The Central Bank of Nigeria has issued a directive requiring fintech companies to separate their core payment operations from other business lines, giving them a six-month deadline to either spin off or divest from non-payment activities. The order, issued on June 16, 2026, represents a significant shift in the regulatory approach to Nigeria's rapidly evolving digital finance sector. Companies operating within the country must now choose between focusing exclusively on payments or restructuring to isolate those services into distinct legal entities.

This move is part of a broader regulatory agenda aimed at strengthening oversight and mitigating systemic risk within the financial system. By forcing a separation, the CBN seeks to create clearer lines of accountability and prevent potential contagion between payment services and other, often more speculative, business ventures. The directive follows a period of rapid expansion for many Nigerian fintechs, which have diversified into areas such as lending, investment, and commerce alongside their core payment processing functions.

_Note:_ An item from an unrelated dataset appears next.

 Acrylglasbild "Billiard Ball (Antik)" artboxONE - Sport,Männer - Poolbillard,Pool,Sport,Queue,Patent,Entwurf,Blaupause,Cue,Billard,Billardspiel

According to the directive, companies that fail to comply by the end of the six-month period risk losing their payment processing licenses. The CBN has stated that the separation is necessary to ensure the stability and integrity of the national payment system, which has grown in importance as digital transactions become more prevalent. This action aligns with the central bank's previously stated ambition to position Nigeria as a regional payments hub within Africa.

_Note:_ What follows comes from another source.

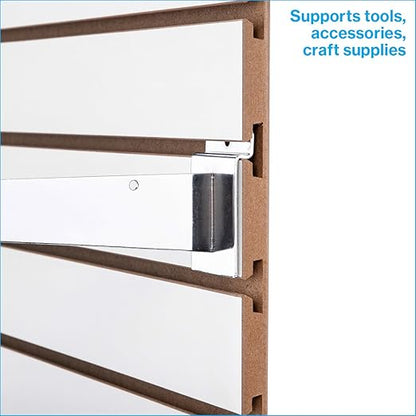 SSWBasics 4ft x 2ft Horizontal White Slatwall Panels Easy Organizer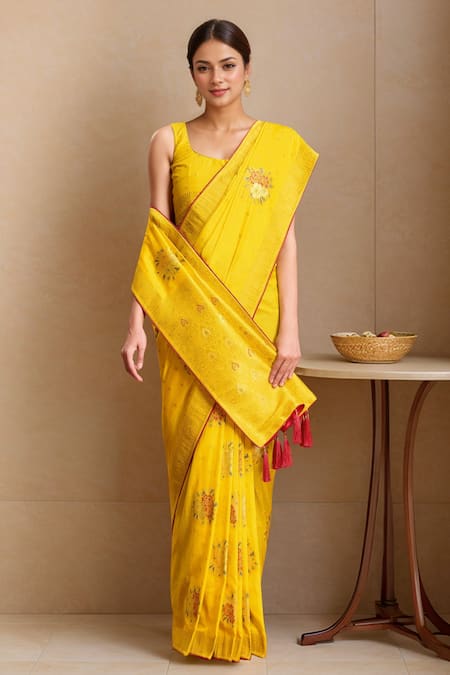 Shop_Samyukta Singhania_Yellow Denim Embroidery Round Neck Floral Woven Saree Set _Online_at_Aza_Fashions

Separately, the CBN is enforcing a data localisation policy that requires all financial institutions, including banks and fintechs, to repatriate their data processing and storage to Nigeria by 2027. Businessday NG reports that over 90 percent of Nigerian banks and fintechs currently rely on foreign cloud services and will need to transition their operations to comply. This policy also ends offshore payment processing, mandating that all transaction processing occur within Nigerian borders.

The data localisation deadline, set for 2027, presents a parallel challenge for the industry, compelling a technological migration alongside the corporate restructuring now required. Analysts suggest the combined effect of these policies will increase operational costs in the short term but may foster greater local technology development and data security in the long run. The central bank argues that keeping financial data within Nigeria enhances regulatory oversight and protects against external shocks.

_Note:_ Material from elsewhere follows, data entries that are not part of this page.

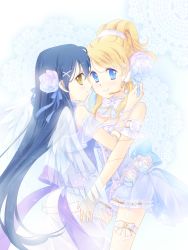 Rule 34 | 10s, 2girls, angel, angel wings, ayase eli, blonde hair, blue eyes, blue hair, flower, hair flower, hair ornament, headset, long hair, looking at viewer, love live!, love live! school idol project, mimori (cotton heart), multiple girls, ponytail, ribbon, sonoda umi, wings, yellow eyes, yuri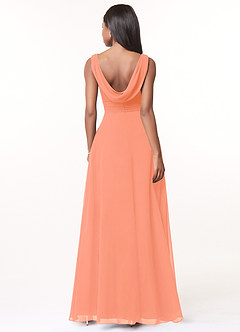 Azazie Karina Bridesmaid Dresses Sunset A-Line Pleated Chiffon Dress image2
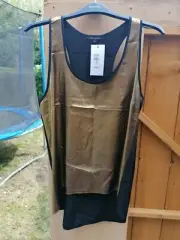 Cool River Island Gold foil And Black Vest UK 12 Bnwt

These regulatory developments occur against a backdrop of similar actions by other African central banks. For instance, the Bank of Ghana recently ordered financial institutions to cease supporting foreign currency-denominated cryptocurrency wallets, citing concerns over currency stability and illicit financial flows. While the Nigerian directive focuses on corporate structure rather than specific asset classes, it reflects a continent-wide trend of regulators asserting greater control over the digital finance ecosystem.

The CBN's vision, as outlined in other reports, extends beyond financial inclusion to positioning Nigeria as Africa's leading payments gateway. The separation of payment empires is viewed by some observers as a step towards creating specialized, robust payment infrastructure that can compete regionally. The coming months will test the adaptability of Nigeria's fintech sector as companies navigate the dual demands of corporate unbundling and data repatriation.